I am so afraid once I have this brain surgery, I won’t be the same. I won’t be as able, mentally or physically. I am already struggling to keep up with my age group because of my medical conditions. And I envy everyone around me, who has already graduated and is working on their graduate work. All the people from high school who have already done so much more. I know I have done a lot, given my circumstances. Many people tell me I am an inspiration, but I don’t feel that way at all. Maybe people just have very low standards for what inspirational means, or they think they have some concrete understanding of who I am, what I’ve done and where I’ve been.

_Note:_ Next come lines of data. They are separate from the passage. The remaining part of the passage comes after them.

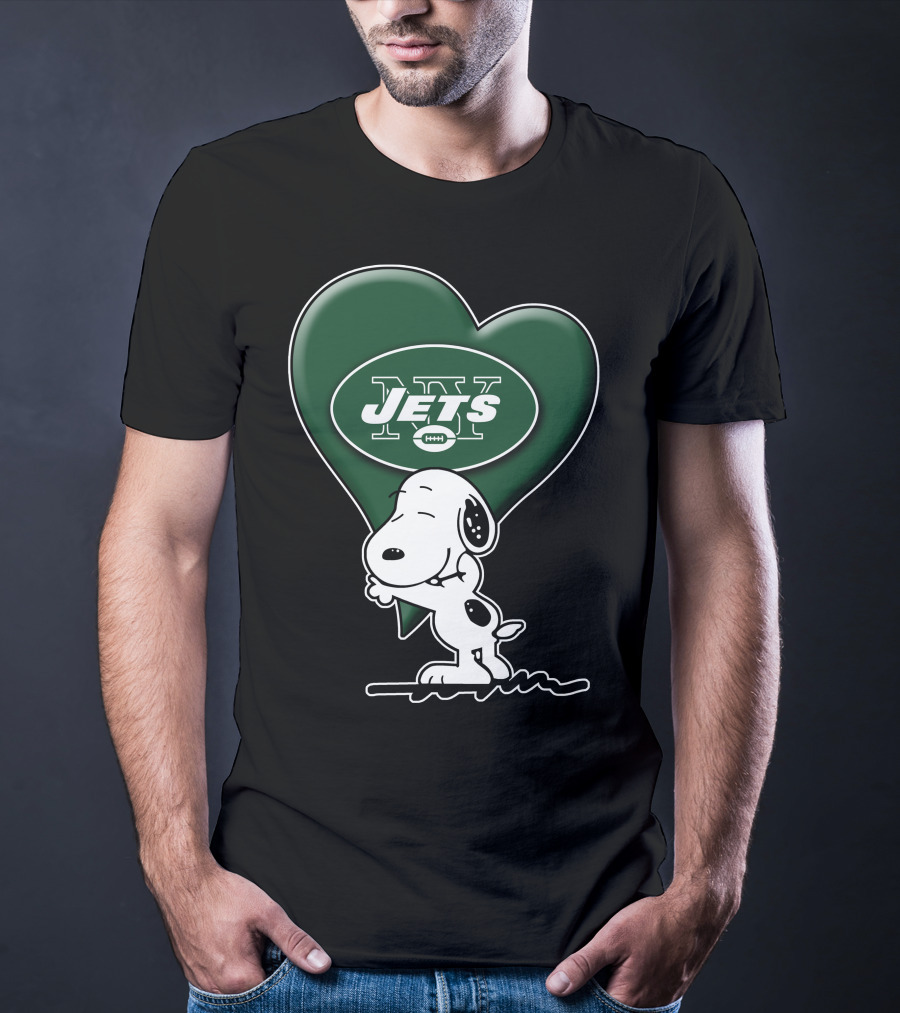 Snoopy Holding Heart Shaped New York Jets T-Shirt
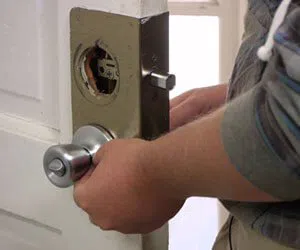 Capitol Locksmith Service Cincinnati, OH 513-726-2024 - locksmith-12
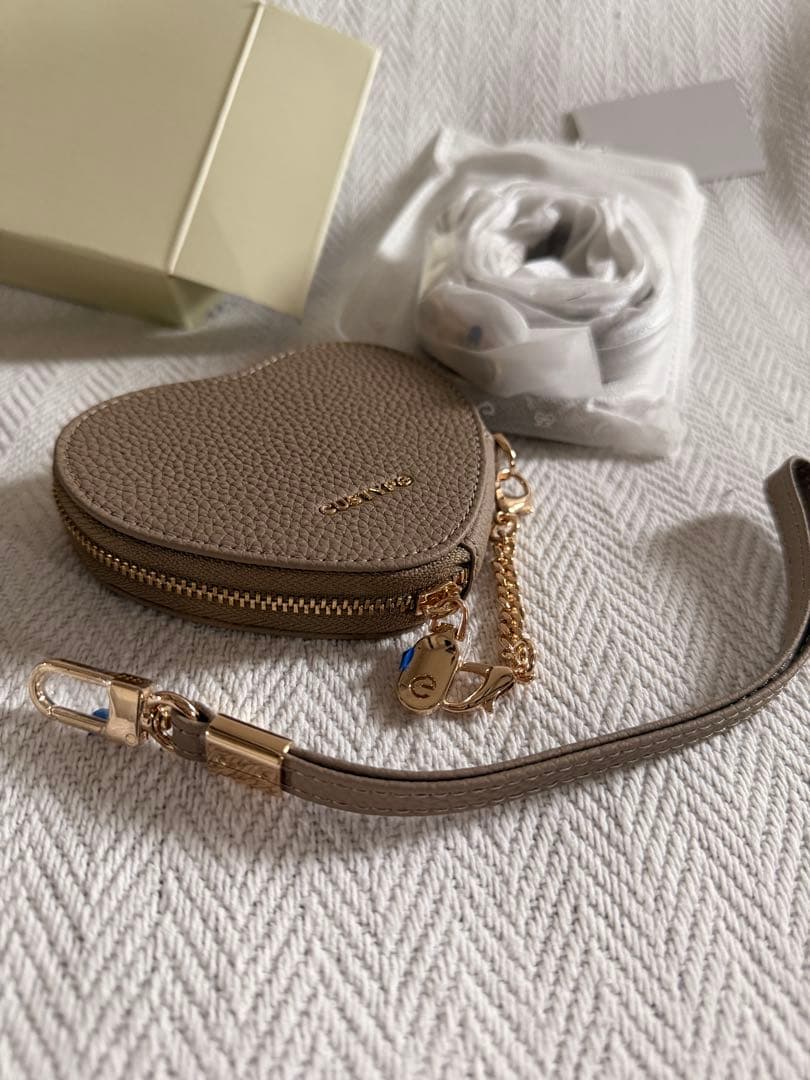 CUSTYPE ベージュ iPhoneケース　15 pro max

Getting my degree isn’t just about being able to work in my dream career. It’s actually so much more than that. You see, my husband has selflessly sacrificed years of his life working in a career he isn’t exactly fond of – for me. So, I could the medical insurance I need. I mean, obviously, that wasn’t entirely his motivation for joining the military. But it definitely played a large part in it. And now, he is finally starting to hone in on what he wants to do for a career and life. I so desperately want to return the favor, I want to be able to support him so he can pursue his desires. He wants to get a degree in mechanical and electrical engineering. I want him to have a career he loves, not one he resents sometimes. And what if I can’t? What if I cannot measure up and give him the gift he has given me?

It has taken me so incredibly long, years, to actualize that I am this capable and intelligent woman who has so much to offer the world. I have a unique platform in life, with an ability to empathize and feel so deeply for those who struggle. And facing my genetic condition and my brain condition, I feel like I will never get the chance to give everything I have to offer the world. I feel like I will never reach the point where I can do what I was always meant to do. It is crushing my soul and I feel like I cannot breathe. In this moment, it feels like I will not make it. I know deep down that isn’t true and tomorrow I am sure I will feel like I can do it all again. I won’t feel weak and momentarily be frozen in fear. I know tomorrow, I will continue to give the world what I can, until I can’t anymore. But for now, in this moment, I’m scared.